Nelle oramai agghiaccianti pantomime inscenate alla Casa Bianca o via Twitter il presidente americano si toglieva l'elmetto e indossava l'abito da cerimonia per “offrire” all'Iran di affrontare un nuovo negoziato sul nucleare, ovviamente meglio per gli Usa di quello definito da Obama, l'Onu e gli alleati europei, sulla scia di quanto ha realizzato con quelli commerciali. Alla falsa apertura univa la minaccia di nuove “pesanti” sanzioni, contro il leader supremo iraniano Ali Khamenei e i suoi collaboratori cui venivano bloccato l'accesso a non ben specificate risorse finanziarie. E comunque, l'opzione militare restava sul tavolo e se l'Iran voleva la guerra sarebbe stata “una distruzione come non l’avete mai vista prima”. Ovvio che la risposta di Teheran era picche: “il canale della diplomazia con gli Stati Uniti è chiuso per sempre”.

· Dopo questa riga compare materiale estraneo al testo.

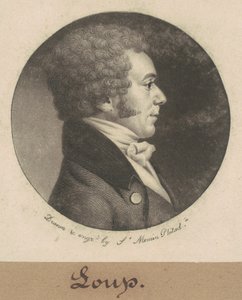 Wolf by Charles B. J. Févret de Saint Mémin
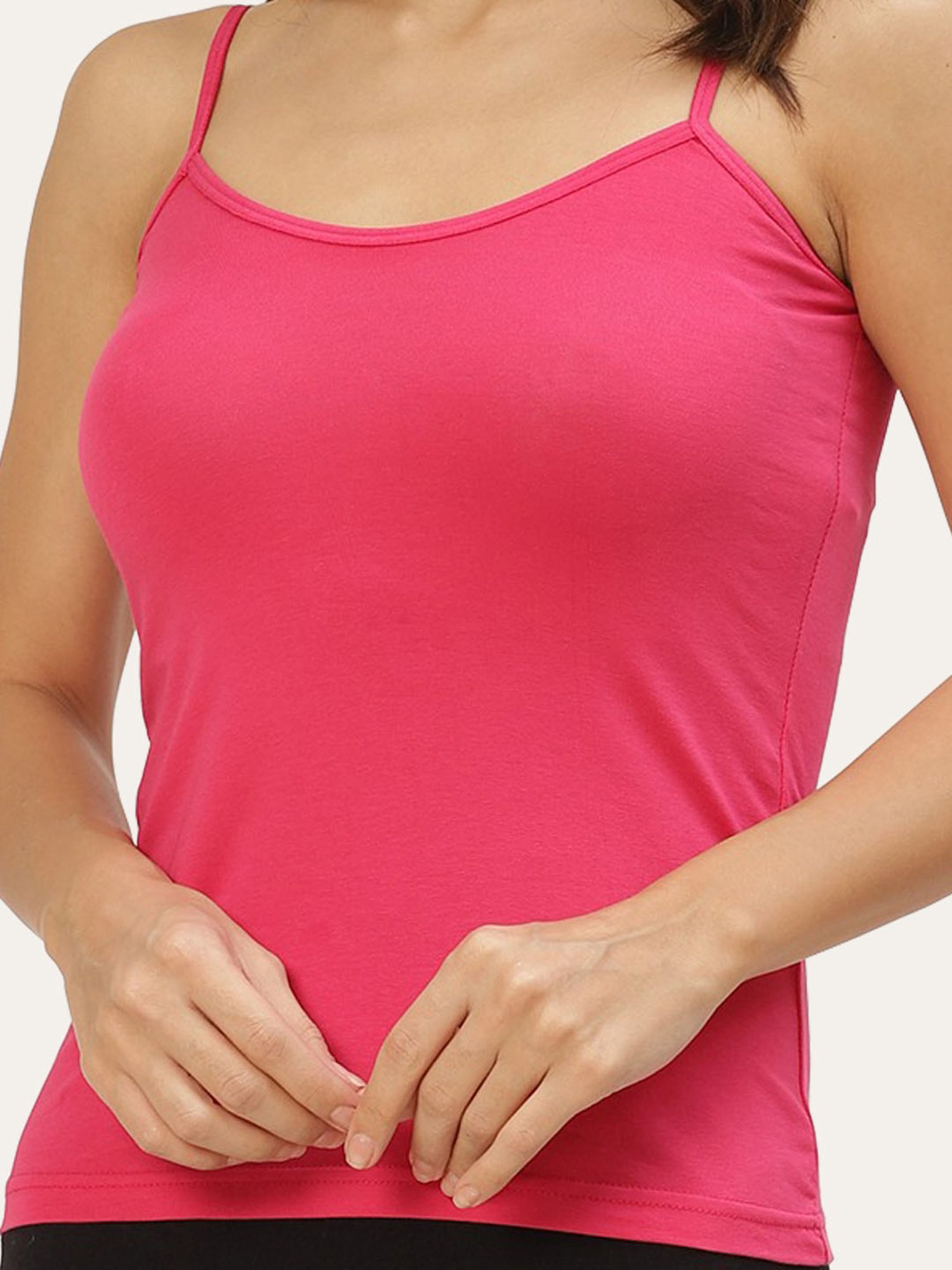 Lady Lyka Multicolor Camisole (Pack of 2)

Il presidente iraniano Hasan Rohani definiva le nuove sanzioni statunitensi contro l'Ayatollah Ali Khamenei e altri alti funzionari come “oltraggiose e idiote”, tanto più che il leader religioso non ha beni all'estero. Il generale Abolfazl Shekarchi, portavoce dello Stato maggiore delle forze armate iraniane dichiarava che “se il nemico, in particolare l’America e i suoi alleati nella regione, fa l’errore militare di dare fuoco alle polveri su cui giacciono gli interessi americani, la regione andrà a fuoco”. E mentre il ministro delle Tecnologie dell'informazione e della Comunicazione dell'Iran annunciava il 24 giugno che erano stati neutralizzati tutti i cyber attacchi lanciati dagli Usa contro i sistemi informatici iraniani per il controllo ed il lancio dei missili dei Guardiani della Rivoluzione islamica il vice ministro degli Esteri russo Sergei Ryabkov dichiarava da Mosca che la Russia è pronta ad aiutare l’Iran nelle esportazioni di petrolio e per aggirare le restrizioni sul suo sistema bancario se l’Europa non riuscisse a mettere in funzione INSTEX, il sistema di pagamento per gli scambi commerciali annunciato nel gennaio scorso per scavalcare i meccanismi dell'embargo americano.